*** Opening Records for this task ***

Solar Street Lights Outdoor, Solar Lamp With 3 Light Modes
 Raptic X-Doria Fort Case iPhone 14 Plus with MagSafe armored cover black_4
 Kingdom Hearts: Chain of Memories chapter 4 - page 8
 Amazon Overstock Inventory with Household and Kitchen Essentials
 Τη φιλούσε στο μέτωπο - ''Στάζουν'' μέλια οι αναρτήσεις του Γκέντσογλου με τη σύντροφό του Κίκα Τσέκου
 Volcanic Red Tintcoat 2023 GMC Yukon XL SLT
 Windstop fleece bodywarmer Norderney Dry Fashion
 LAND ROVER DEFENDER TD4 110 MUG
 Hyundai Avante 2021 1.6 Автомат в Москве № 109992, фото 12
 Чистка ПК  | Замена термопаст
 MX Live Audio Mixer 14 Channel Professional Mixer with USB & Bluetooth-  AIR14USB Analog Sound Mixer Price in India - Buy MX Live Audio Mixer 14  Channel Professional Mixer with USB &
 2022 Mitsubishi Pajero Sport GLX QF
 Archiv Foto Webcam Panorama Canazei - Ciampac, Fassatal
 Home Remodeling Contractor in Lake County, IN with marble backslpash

*** Closing Records for this task ***

* How to complete this task:
An exact copy of the lines from the one holding "Windstop fleece bodywarmer" through the end of the data is the whole answer.

* Response to the exercise:
 Windstop fleece bodywarmer Norderney Dry Fashion
 LAND ROVER DEFENDER TD4 110 MUG
 Hyundai Avante 2021 1.6 Автомат в Москве № 109992, фото 12
 Чистка ПК  | Замена термопаст
 MX Live Audio Mixer 14 Channel Professional Mixer with USB & Bluetooth-  AIR14USB Analog Sound Mixer Price in India - Buy MX Live Audio Mixer 14  Channel Professional Mixer with USB &
 2022 Mitsubishi Pajero Sport GLX QF
 Archiv Foto Webcam Panorama Canazei - Ciampac, Fassatal
 Home Remodeling Contractor in Lake County, IN with marble backslpash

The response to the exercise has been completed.